Brief descriptive captions
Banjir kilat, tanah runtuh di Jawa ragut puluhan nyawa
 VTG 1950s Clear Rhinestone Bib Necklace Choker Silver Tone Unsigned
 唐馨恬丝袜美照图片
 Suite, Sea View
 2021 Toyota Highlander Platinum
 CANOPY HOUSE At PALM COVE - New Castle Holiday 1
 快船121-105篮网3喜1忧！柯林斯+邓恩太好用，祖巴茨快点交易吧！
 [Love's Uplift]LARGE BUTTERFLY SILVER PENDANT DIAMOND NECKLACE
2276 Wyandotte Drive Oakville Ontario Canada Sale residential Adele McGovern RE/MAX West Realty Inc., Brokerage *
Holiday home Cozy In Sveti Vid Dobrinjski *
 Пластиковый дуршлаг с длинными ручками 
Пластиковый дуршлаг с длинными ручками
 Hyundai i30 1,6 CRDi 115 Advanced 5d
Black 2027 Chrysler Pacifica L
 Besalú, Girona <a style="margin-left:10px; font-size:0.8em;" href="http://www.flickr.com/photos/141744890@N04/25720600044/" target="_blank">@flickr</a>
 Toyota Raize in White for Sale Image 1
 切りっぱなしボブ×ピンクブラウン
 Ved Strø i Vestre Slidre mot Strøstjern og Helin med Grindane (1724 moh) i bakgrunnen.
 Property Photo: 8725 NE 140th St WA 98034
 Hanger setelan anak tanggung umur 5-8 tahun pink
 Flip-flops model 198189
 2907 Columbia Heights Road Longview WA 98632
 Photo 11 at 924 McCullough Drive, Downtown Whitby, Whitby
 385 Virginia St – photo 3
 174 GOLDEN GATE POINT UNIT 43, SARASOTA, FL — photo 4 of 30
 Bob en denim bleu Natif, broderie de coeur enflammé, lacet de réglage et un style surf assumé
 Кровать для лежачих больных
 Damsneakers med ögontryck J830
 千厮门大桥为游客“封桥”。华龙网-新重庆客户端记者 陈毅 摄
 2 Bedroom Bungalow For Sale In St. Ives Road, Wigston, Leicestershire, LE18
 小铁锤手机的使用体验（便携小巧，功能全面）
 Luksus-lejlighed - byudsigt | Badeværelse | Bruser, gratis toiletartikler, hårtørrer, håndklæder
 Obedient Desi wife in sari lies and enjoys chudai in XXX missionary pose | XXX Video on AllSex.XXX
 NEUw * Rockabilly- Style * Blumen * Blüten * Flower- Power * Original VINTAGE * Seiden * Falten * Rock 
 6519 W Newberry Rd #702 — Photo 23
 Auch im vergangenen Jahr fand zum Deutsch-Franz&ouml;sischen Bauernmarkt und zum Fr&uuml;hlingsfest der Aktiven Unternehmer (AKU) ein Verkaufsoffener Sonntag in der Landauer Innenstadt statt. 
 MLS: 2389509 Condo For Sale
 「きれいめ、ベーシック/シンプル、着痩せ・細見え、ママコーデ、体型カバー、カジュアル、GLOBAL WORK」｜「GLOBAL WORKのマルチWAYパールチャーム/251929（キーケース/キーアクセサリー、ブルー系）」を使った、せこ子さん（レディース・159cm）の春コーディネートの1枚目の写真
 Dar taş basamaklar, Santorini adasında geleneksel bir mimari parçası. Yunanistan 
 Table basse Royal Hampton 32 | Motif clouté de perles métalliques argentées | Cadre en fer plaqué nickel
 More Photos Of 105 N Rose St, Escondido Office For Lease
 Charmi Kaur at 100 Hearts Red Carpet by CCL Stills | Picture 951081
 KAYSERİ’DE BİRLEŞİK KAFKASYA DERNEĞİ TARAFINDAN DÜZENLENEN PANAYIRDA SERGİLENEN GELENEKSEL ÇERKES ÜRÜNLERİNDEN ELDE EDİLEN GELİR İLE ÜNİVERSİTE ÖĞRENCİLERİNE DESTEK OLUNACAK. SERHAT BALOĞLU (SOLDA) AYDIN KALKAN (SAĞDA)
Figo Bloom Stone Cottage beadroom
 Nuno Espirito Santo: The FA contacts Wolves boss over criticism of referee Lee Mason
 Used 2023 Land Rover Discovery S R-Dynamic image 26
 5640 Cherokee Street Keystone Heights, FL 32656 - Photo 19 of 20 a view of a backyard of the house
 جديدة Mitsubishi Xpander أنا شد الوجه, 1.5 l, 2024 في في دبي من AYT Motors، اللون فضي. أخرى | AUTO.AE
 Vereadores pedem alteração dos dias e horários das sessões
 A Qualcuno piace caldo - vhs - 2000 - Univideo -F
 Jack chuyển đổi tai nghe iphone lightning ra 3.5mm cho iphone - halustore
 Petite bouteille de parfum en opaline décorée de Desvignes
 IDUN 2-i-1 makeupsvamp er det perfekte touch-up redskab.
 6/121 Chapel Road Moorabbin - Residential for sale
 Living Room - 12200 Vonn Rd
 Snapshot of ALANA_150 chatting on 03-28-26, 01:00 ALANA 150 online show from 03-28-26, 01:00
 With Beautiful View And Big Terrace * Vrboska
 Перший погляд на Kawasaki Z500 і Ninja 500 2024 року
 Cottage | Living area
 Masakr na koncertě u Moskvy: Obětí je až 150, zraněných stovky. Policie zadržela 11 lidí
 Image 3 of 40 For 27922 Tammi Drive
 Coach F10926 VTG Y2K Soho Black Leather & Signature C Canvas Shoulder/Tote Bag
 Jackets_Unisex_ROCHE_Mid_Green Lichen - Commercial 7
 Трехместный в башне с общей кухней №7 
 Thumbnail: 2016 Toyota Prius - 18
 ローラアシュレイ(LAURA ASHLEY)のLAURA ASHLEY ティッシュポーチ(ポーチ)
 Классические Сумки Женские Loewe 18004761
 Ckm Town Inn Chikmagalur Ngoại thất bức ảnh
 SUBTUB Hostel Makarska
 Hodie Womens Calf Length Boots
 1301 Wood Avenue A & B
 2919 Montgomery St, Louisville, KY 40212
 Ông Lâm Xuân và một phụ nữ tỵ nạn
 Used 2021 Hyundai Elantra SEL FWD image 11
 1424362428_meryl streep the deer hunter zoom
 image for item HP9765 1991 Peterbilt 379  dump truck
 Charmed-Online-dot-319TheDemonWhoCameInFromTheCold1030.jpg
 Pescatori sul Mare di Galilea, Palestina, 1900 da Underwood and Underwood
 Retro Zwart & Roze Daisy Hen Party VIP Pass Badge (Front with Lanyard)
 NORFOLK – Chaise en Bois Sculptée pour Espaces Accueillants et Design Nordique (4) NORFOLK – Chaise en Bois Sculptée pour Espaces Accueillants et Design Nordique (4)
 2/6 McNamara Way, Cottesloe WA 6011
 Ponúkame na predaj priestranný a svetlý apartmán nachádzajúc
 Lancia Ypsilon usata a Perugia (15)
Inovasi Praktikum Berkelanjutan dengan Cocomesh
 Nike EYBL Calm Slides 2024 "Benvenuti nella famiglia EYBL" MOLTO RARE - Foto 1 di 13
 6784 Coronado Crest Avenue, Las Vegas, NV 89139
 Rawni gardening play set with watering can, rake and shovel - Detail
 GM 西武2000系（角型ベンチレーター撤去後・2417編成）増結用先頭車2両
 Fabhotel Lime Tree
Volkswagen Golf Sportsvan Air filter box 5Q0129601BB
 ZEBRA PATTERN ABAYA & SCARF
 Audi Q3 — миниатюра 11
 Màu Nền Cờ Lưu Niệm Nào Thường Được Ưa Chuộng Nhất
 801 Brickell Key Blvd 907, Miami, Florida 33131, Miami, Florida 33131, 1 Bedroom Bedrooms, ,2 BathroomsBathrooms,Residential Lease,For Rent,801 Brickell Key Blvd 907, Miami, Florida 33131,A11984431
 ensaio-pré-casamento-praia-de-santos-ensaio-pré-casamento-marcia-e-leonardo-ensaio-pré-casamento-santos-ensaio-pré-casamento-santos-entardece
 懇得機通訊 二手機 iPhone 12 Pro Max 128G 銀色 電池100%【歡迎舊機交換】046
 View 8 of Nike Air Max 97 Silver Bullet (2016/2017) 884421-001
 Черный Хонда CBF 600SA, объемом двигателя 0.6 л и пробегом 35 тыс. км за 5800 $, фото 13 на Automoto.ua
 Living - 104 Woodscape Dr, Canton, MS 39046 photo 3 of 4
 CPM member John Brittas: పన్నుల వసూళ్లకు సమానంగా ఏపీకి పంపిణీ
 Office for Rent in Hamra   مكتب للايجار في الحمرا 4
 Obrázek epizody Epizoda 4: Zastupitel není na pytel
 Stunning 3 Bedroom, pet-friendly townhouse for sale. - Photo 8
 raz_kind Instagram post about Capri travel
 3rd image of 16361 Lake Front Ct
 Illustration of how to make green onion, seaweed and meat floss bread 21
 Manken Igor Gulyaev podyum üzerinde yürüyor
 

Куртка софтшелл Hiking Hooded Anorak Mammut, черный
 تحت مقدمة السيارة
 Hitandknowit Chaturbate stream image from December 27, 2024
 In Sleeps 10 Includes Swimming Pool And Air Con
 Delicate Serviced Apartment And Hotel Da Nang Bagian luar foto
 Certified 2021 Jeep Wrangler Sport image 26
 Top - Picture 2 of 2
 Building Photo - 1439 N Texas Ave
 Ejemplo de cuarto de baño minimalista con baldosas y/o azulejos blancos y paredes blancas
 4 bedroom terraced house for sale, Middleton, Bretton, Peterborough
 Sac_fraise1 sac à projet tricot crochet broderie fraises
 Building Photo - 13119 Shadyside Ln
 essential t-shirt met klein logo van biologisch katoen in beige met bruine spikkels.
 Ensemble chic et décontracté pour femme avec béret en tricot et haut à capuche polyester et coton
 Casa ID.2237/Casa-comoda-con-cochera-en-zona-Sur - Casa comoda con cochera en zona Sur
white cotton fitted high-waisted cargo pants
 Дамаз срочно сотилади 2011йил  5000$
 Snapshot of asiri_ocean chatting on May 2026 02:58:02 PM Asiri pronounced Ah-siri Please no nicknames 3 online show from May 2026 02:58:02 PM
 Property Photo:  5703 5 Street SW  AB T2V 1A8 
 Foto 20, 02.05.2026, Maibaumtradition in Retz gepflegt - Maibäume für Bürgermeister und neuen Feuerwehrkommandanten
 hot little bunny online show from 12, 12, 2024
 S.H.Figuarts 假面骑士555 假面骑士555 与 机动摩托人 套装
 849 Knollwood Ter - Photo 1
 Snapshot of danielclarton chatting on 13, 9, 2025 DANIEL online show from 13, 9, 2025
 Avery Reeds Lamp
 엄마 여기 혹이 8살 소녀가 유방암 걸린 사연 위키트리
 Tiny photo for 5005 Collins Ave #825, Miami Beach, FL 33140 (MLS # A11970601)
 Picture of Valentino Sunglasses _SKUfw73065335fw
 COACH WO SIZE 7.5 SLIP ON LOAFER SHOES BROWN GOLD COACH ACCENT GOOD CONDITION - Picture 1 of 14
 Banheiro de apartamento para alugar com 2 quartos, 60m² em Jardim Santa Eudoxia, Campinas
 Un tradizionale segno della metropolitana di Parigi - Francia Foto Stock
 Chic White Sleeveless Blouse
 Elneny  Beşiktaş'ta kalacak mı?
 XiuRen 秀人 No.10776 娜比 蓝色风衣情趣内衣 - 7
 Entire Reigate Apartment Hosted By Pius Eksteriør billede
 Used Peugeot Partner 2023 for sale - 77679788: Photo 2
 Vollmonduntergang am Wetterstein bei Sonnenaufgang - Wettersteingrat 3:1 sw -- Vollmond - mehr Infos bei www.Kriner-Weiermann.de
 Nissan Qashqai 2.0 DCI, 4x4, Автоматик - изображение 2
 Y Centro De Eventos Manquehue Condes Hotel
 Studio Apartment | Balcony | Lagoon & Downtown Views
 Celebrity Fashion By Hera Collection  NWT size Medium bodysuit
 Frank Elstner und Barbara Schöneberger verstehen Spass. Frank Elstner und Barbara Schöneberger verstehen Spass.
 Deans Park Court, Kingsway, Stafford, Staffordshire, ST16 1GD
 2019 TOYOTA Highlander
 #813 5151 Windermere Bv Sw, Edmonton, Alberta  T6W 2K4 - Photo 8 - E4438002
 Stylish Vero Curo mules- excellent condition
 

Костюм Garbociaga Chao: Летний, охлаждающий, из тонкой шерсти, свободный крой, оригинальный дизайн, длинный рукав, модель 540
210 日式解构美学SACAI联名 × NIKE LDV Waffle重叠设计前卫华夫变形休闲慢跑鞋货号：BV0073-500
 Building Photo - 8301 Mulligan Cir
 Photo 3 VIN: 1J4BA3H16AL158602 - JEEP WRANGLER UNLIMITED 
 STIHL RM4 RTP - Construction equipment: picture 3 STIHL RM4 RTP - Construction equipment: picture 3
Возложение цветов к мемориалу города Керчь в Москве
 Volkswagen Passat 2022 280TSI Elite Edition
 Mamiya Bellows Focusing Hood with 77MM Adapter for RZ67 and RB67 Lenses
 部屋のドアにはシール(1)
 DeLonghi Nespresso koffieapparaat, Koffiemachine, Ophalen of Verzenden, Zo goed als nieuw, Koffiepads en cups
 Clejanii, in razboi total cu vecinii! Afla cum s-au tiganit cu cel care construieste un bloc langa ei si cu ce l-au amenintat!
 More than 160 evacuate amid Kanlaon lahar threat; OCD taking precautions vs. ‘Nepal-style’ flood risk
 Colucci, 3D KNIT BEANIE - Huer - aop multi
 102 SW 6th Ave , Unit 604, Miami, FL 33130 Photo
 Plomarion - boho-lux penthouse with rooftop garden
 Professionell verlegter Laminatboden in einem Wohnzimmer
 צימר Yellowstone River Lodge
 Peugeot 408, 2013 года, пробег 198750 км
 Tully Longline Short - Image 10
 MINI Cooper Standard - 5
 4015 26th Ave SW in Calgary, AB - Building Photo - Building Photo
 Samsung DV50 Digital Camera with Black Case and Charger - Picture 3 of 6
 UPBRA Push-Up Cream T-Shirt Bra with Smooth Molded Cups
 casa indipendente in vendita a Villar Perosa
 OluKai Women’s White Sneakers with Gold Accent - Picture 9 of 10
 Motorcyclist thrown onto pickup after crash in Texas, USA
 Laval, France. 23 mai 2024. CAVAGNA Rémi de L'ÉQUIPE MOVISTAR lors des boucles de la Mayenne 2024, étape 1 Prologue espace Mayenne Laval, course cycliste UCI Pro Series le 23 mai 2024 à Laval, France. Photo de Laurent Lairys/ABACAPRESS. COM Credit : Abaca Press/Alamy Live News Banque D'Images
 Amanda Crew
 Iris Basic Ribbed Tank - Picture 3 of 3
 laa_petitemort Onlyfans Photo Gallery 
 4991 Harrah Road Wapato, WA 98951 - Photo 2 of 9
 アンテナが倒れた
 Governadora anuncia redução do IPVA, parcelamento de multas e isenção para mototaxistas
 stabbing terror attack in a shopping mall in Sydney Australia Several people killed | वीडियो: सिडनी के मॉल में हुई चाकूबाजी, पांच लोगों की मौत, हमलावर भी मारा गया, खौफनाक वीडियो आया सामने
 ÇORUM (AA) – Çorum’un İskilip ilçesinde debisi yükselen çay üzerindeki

HOW TO COMPLETE THIS TASK
As listed above, the lines from the line with "Casa ID.2237/Casa-comoda-con-cochera-en-zona-Sur - Casa" to the line with "849 Knollwood Ter - Photo 1" are to be echoed exactly, with both ends included and nothing added.

ANSWER TO THE PROBLEM
 Casa ID.2237/Casa-comoda-con-cochera-en-zona-Sur - Casa comoda con cochera en zona Sur
white cotton fitted high-waisted cargo pants
 Дамаз срочно сотилади 2011йил  5000$
 Snapshot of asiri_ocean chatting on May 2026 02:58:02 PM Asiri pronounced Ah-siri Please no nicknames 3 online show from May 2026 02:58:02 PM
 Property Photo:  5703 5 Street SW  AB T2V 1A8 
 Foto 20, 02.05.2026, Maibaumtradition in Retz gepflegt - Maibäume für Bürgermeister und neuen Feuerwehrkommandanten
 hot little bunny online show from 12, 12, 2024
 S.H.Figuarts 假面骑士555 假面骑士555 与 机动摩托人 套装
 849 Knollwood Ter - Photo 1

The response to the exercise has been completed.